Economic Sector

Last updated: Wednesday, January 23, 2019


Tax Hike Adversely Impacts Economy

Posted: Monday, May 28, 2018

In less than one year, the Ministry of Finance has thrice proposed amending tax laws with the aim of revising up various taxes such as environmental protection tax on petroleum products, value-added tax (VAT) and special consumption tax on many kinds of goods amid rising budget deficit and public debt, with especially fiscal revenue which become increasingly unsustainable in the context of new economic integration. These proposals are controversial and necessarily clarified reasons and impacts on the overall economy.

In the last five years, the most modified taxes are VAT, special consumption tax (excise tax) and corporate income tax. The Ministry of Finance has consulted on amendments to six tax laws since 2017, including value added tax, special consumption tax and personal income tax, Law on Environmental Protection Tax (the Government delayed the deadline for submitting until 2019) and consulted the draft of Law on Property Tax.

Professor Tran Tho Dat, Rector of the National Economics University, said that, with a stable economy, a relatively good macroeconomic background, a stable annual growth of over 7 per cent, it can be confirmed that Vietnam will enter the new growth trajectory. But, one of big macro variables are public debt and budget deficit. However, a policy must be viewed from multiple angles, particularly when the economy is moving faster to a modern market economy and the room for policy change is increasingly narrowing. To have a best policy, policy proposals must be multidimensional, broadly consulted and scientifically sound in order to recommend good policies right from the outset.

Mr Nguyen Van Phung, Director of Corporate Tax Administration Department under the General Department of Taxation, said, amended tax laws aim to build a consistent, fair and effective tax system that fits the socialist-oriented market economy, has reasonable incentives to facilitate domestic production and one of effective macroeconomic management tools of the Party and the State.

Currently, among six tax laws proposed for change by the Ministry of Finance, VAT is underlined because many goods are currently not subject to VAT or subject to five per cent. According to the proposal, VAT on many items will be raised to 6 per cent from 5 per cent and to 12 per cent from 10 per cent.

Dr Ngo Tri Long, former Director of the Institute of Price Studies under the Ministry of Finance, said, VAT (10 per cent) accounted 27.5 per cent of Vietnam's total budget revenue. Meanwhile, with a higher VAT rate, the European Union (EU) reported that VAT made up 21.4 per cent.

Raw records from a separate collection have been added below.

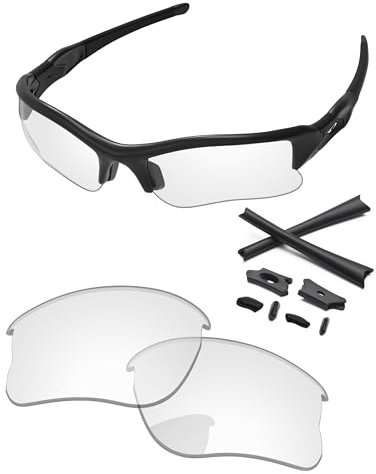 PapaViva Replacement Lenses & Rubber Kits for Oakley Flak Jacket XLJ OO9009 63mm Sunglass HD Clear Non-polarized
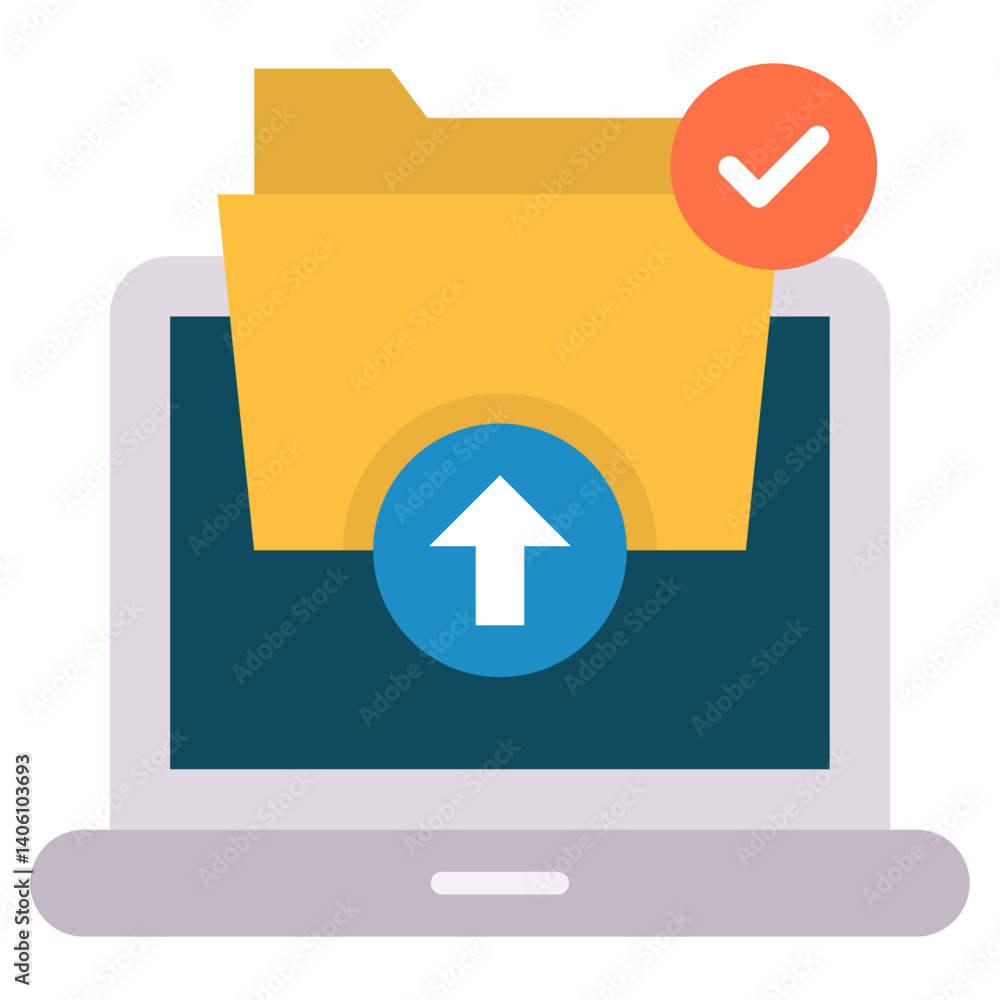 Poster laptop file upload confirmation success data transfer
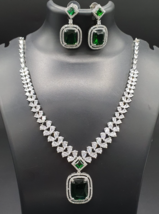 Indian Bollywood Style 18k White Gold Filled Necklace Emerald CZ Jewelry Set - £60.09 GBP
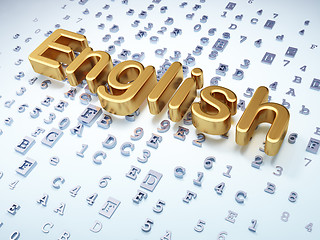 Image showing Education concept: Golden English on digital background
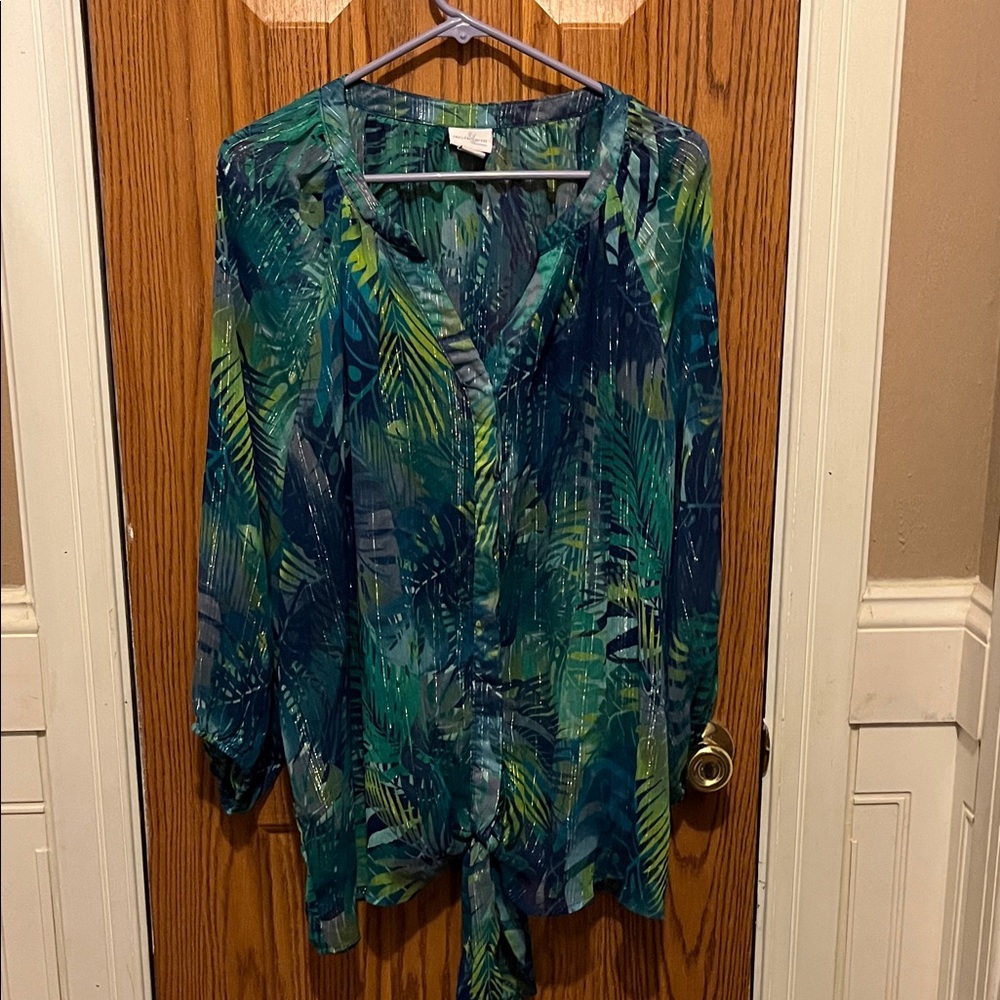 Jaclyn Smith Leafy Green and Blue Blouse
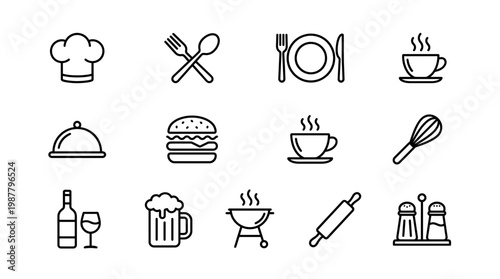 Minimalist black outline restaurant and kitchen equipment icon set isolated on white background, concept for restaurant menu design, catering service branding and culinary app interface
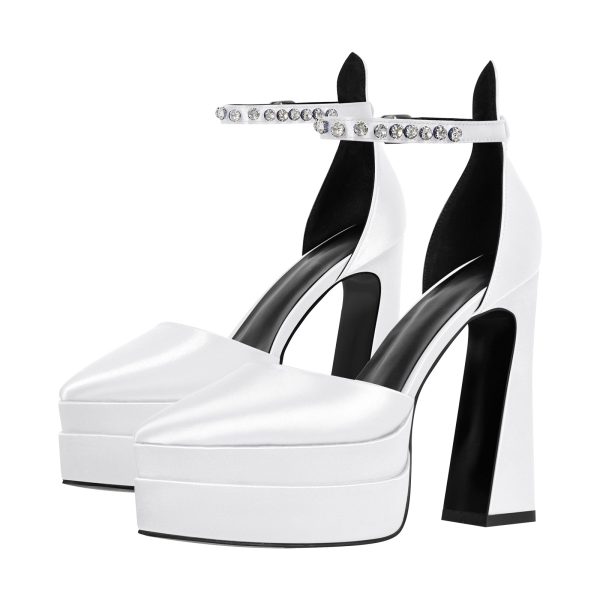 Double Platform Pointed Toe Chunky Heel Pumps - Image 16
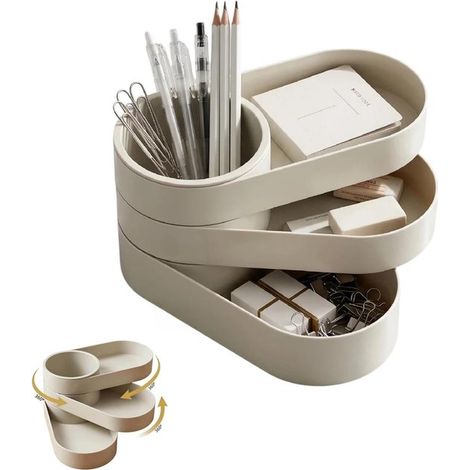 Étagère de rangement pivotante à 360° - 3 niveaux - Pour cosmétiques et fournitures de bureau - Maison et bureau (1/5)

Thus, the root of public debt and budget deficit in Vietnam is not grown from low tax revenue but rather because of corruption, loss, waste and weak financial discipline, wrong investment, or investment for group benefits, not for the community or for national development. If it cannot uproot the cause, no matter how we revise up the tax rate, e.g. to 12 per cent or a twofold rate, it is uncertain that the State budget is balanced. Looking from other perspective, increasing VAT will hurt and pressurise low-income people.

Dr Bui Trinh from Vietnam Institute for Research and Development (VISERI), said impacts of higher VAT and excise taxes on the economy are negative as it discourages production although the State Budget may get a little more at first but economic resources are shrinking in the medium and long term. In addition, the increase in indirect taxes may not affect 20 per cent of rich families but it made hardest hit to 20 per cent of the poorest. For that reason, instead of raising taxes, it is important to focus on avoiding tax losses and waste.

On property tax, Dr Hoang Van Cuong, Vice Rector of National Economics University, said that property tax is a common tax, applied in 174 out of 193 countries in the world. There are many different names for this kind of tax but it hard hit the real estate alike. The ground for proposing the property tax is not for increasing the fiscal income but the main goal is how to distribute and use this property in a reasonable way to ensure interests of the people.

Mr Dau Anh Tuan, Director of Legal Department under the Vietnam Chamber of Commerce and Industry (VCCI), said that he felt “dazzled” with tax hike proposals from the Ministry of Finance. We need to amend six laws to revise a tax. Seeking more fiscal income is very clear in tax revision proposals. “It is advisable to place the tax rise in a broader landscape where companies are increasing a lot of expenses for higher minimum wage and petroleum price hikes. If tax is still raised, it will have an immediate impact on business performance. Moreover, there are warnings that the cost growth is outpacing revenue growth. The competitiveness of SMEs will be thus alarming,” he said.

“We need to be very cautious with tax increases and we should approach the Resolution 07-NQ/TW on budget restructuring to reduce spending instead of just raising taxes. If we only use tax hike to restructure revenue, it will be hardly acceptable to the public. Consequently, it is necessary to put forward measures to control expenditures, save money, fight against tax arrears and reduce tax losses. Last but not least, there is a dire need for solutions to public spending, anticorruption, waste and prevention, and effective public investment,” said Dr Long.